GIVEN DATA ->
= = =
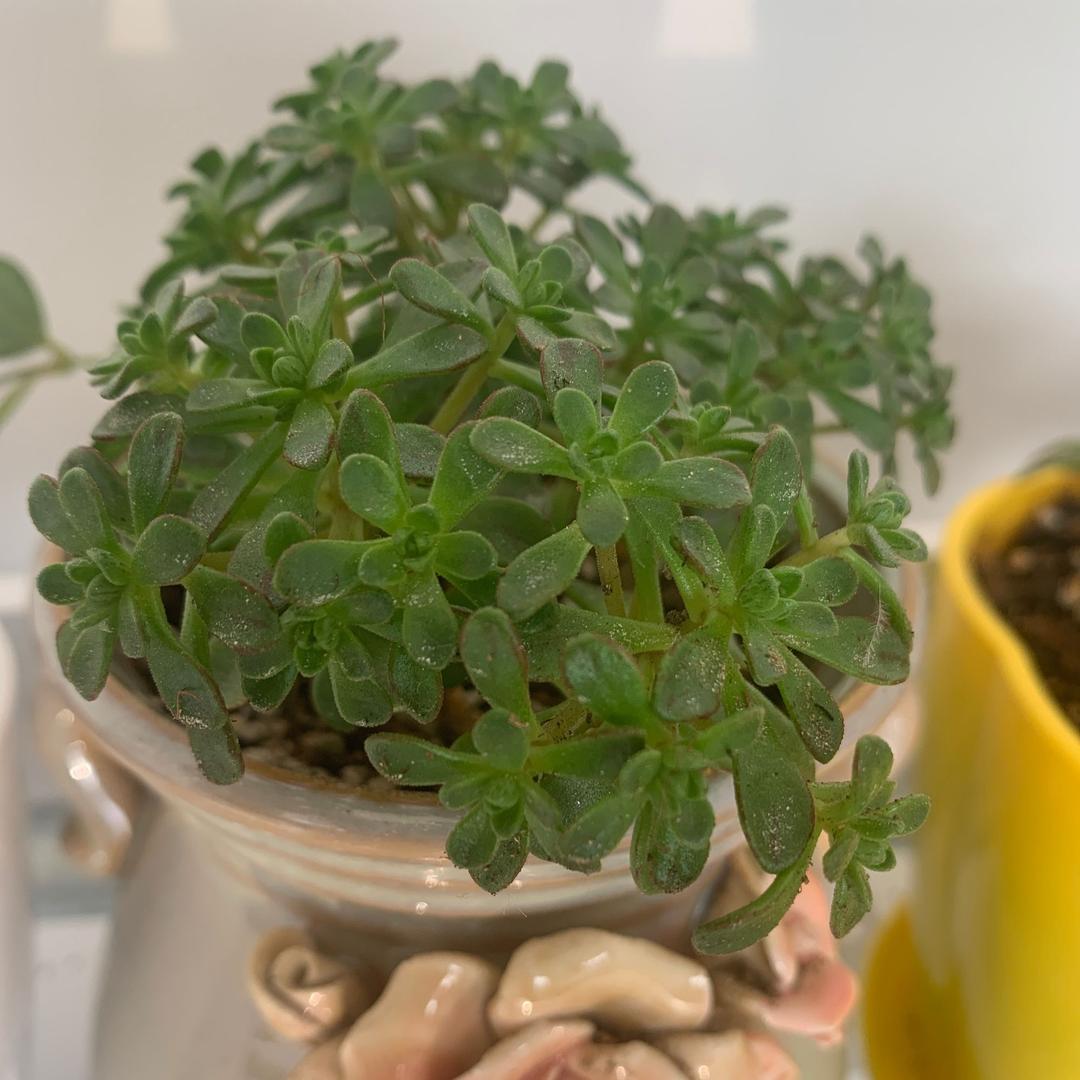 蝶恋花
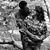 Carissa Balow's profile image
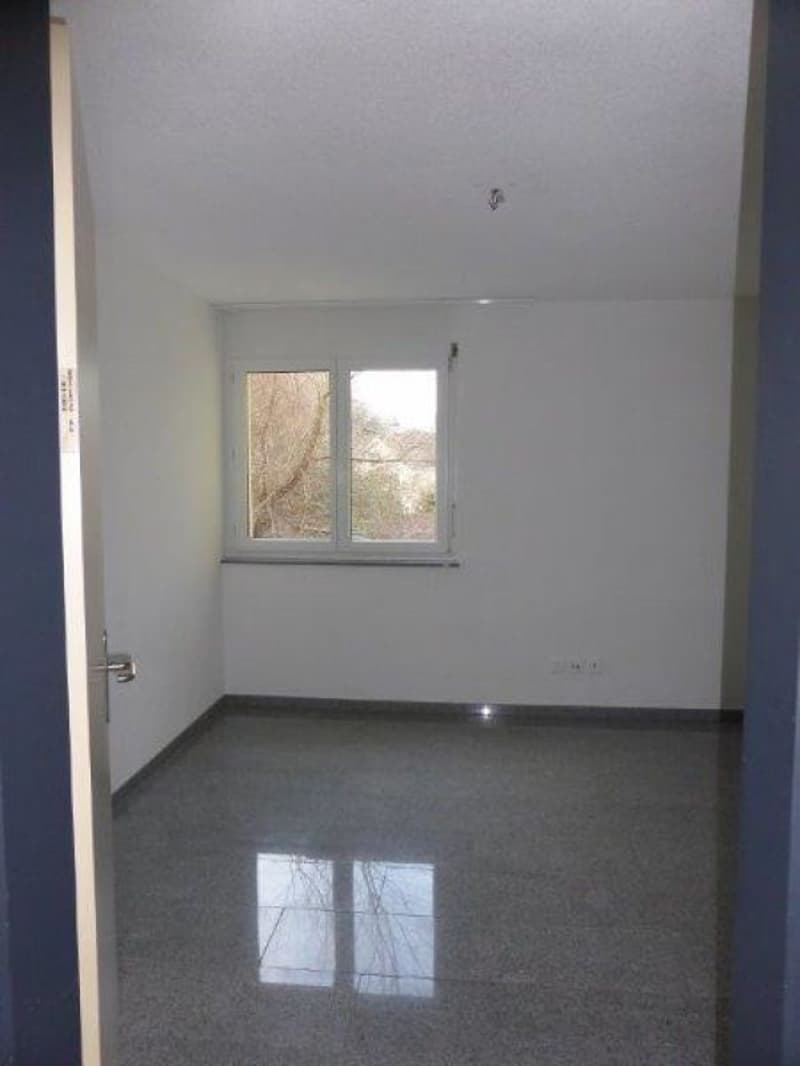 schöne 5.5 Zimmerwohnung an ruhiger Lage (10)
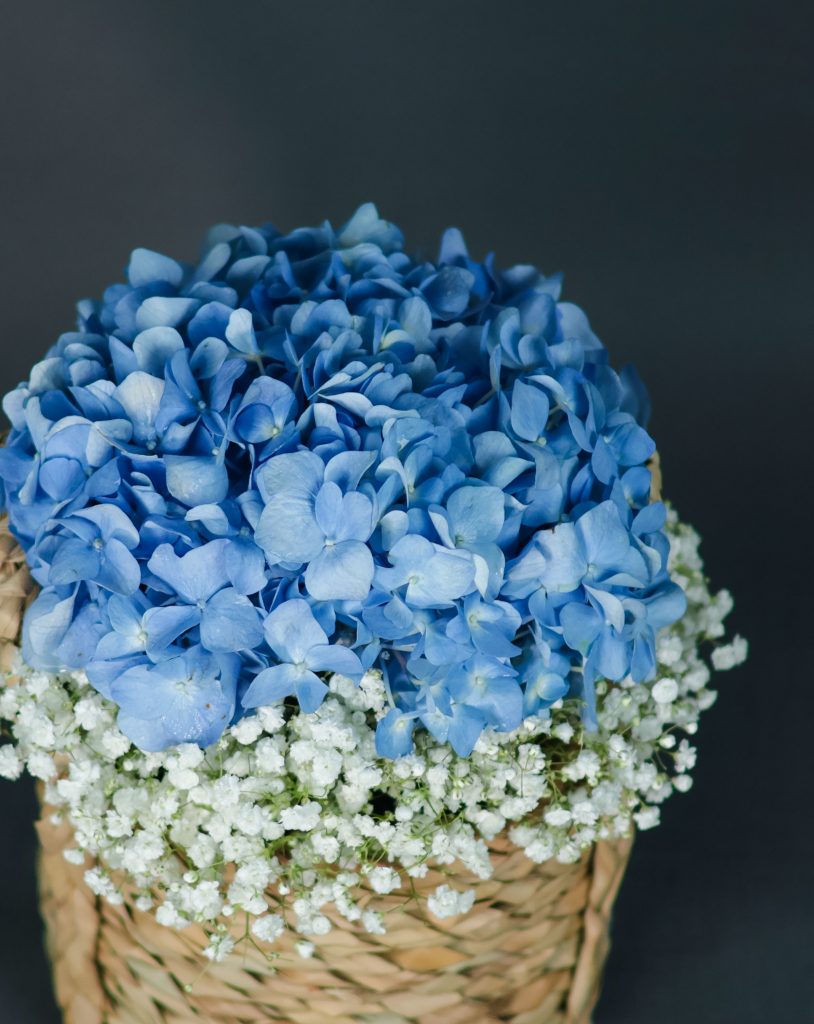 Azure Dreams - Image 3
= = =
TO DO -> Would you retype the material exactly, omitting each picture?

TASK OUTPUT ->
 蝶恋花
 Carissa Balow's profile image
 schöne 5.5 Zimmerwohnung an ruhiger Lage (10)
 Azure Dreams - Image 3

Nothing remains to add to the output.